[cairo] memory leak in _cairo_pattern_create_solid
behdad at behdad.org
Tue Oct 16 15:07:31 PDT 2007
On Tue, 2007-10-16 at 10:39 -0700, Carl Worth wrote:
> On Tue, 16 Oct 2007 12:27:33 -0400, Behdad Esfahbod wrote:
> > Because there's not much point in doing that other than slowing down
> > application shutdown. And of course it's not portable and all...
> > Though now that you bring it up, I don't mind marking
> > cairo_debug_reset_static_data() with __attribute__ ((destructor)).
> > Carl, objections?
> "There's no point in doing it... but we should do it" ? I don't
Well, "now that we almost have code for it, lets do it".
> In general, I agree with your point that this will just slow down
> application shutdown. There's a reason we put "debug" into the name of
> this function---it's really only meant to be called while debugging.
> But there's another issue which is that unconditionally calling
> cairo_debug_reset_static_data will emit error messages unless the
> application has first carefully cleaned up everything, (not holding an
> references to cached data). In development-mozilla code has been in
> this state for a while, (it would call cairo_debug_reset_static_data
> without having done all cleanup and trigger an assertion failure crash
> while exiting).
> So I don't think it's a good idea. (Plus, it might tempt someone to
> start depending on the "destructor" behavior within cairo's
> implementation, but it's not at all portable.)
> > On Tue, 2007-10-16 at 12:08 -0400, BJörn Lindqvist wrote:
> > > I too have been puzzled by libraries leaving static caches around.
> Yeah, it can be confusing.

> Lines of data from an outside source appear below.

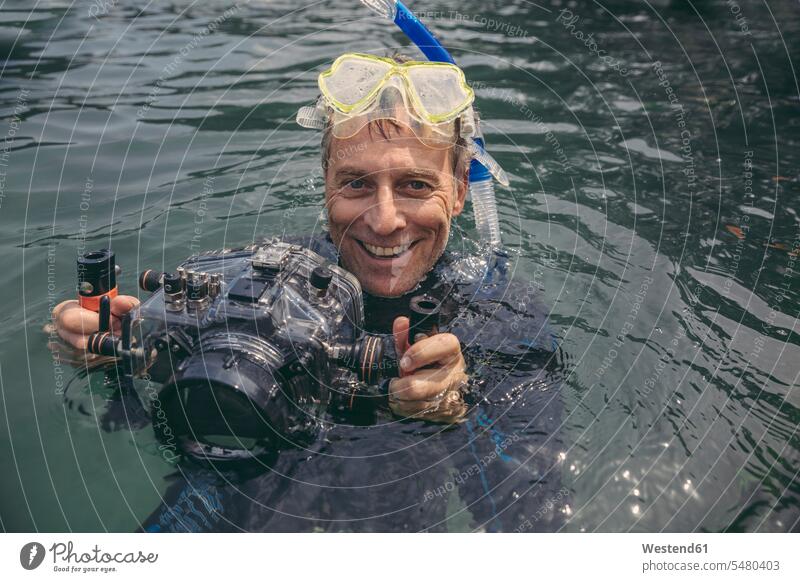 Porträt eines glücklichen Mannes mit Unterwasser-DSLR-Kamerakoffer in einem See Fotoapparat Fotokamera lachen Taucher Kameras Männer männlich tauchen positiv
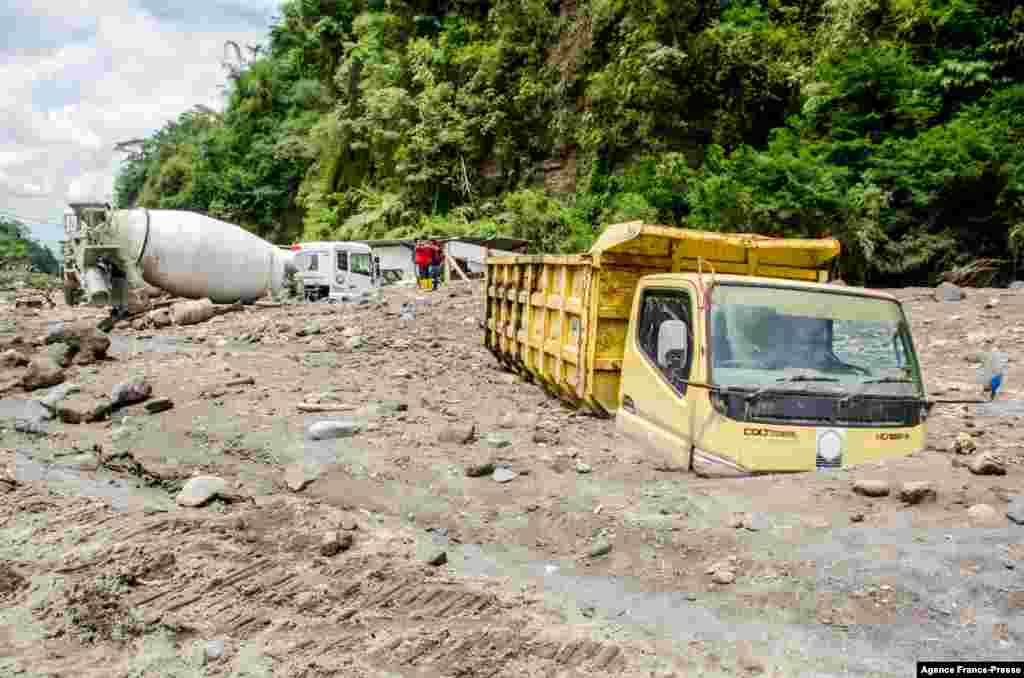 Trucks belonging to sand miners sit buried by volcanic ash after heavy rains shifted ash from the slopes of Indonesia&#39;s most active volcano, Merapi, in Magelang.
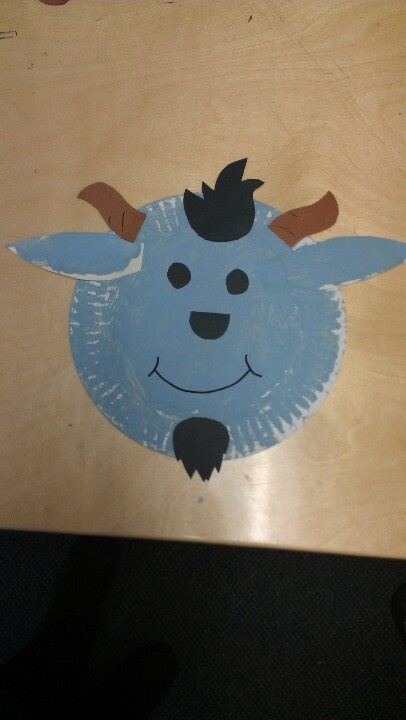 a child's paper plate with a blue cow on it sitting on top of a wooden table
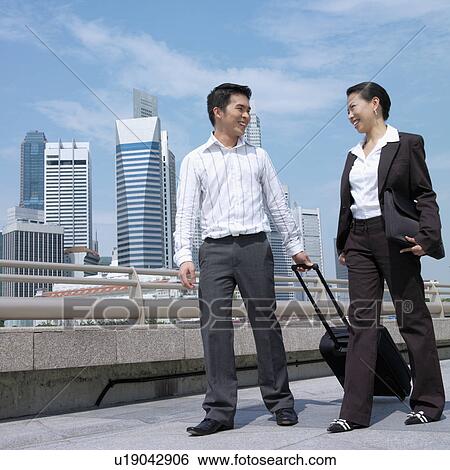 Stock Photograph - Low angle view of a businesswoman talking to a businessman and pulling a suitcase. Fotosearch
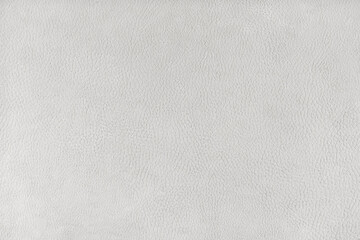 Fototapeta na wymiar Texture background of white velours fabric textured like leather surface. Fabric texture close up of upholstery furniture textile material, design interior, wall decor, backdrop, wallpaper.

And that's exactly why we provide
> cairo_debug_reset_static_data. Maybe we can advertise that better
What about by default just releasing references from caches at shutdown,
but asserting if cairo_debug_reset_static_data() is called. That way
people will get valgrind reports only for their own leaks.
However, thinking about it again, it's not easy. When releasing scaled
fonts and glyphs, we'll end up queuing work for the X server (assuming
XCloseDisplay is not called), and can't free that memory safely. We
sure *can*, but it's not clean.
"Those who would give up Essential Liberty to purchase a little
Temporary Safety, deserve neither Liberty nor Safety."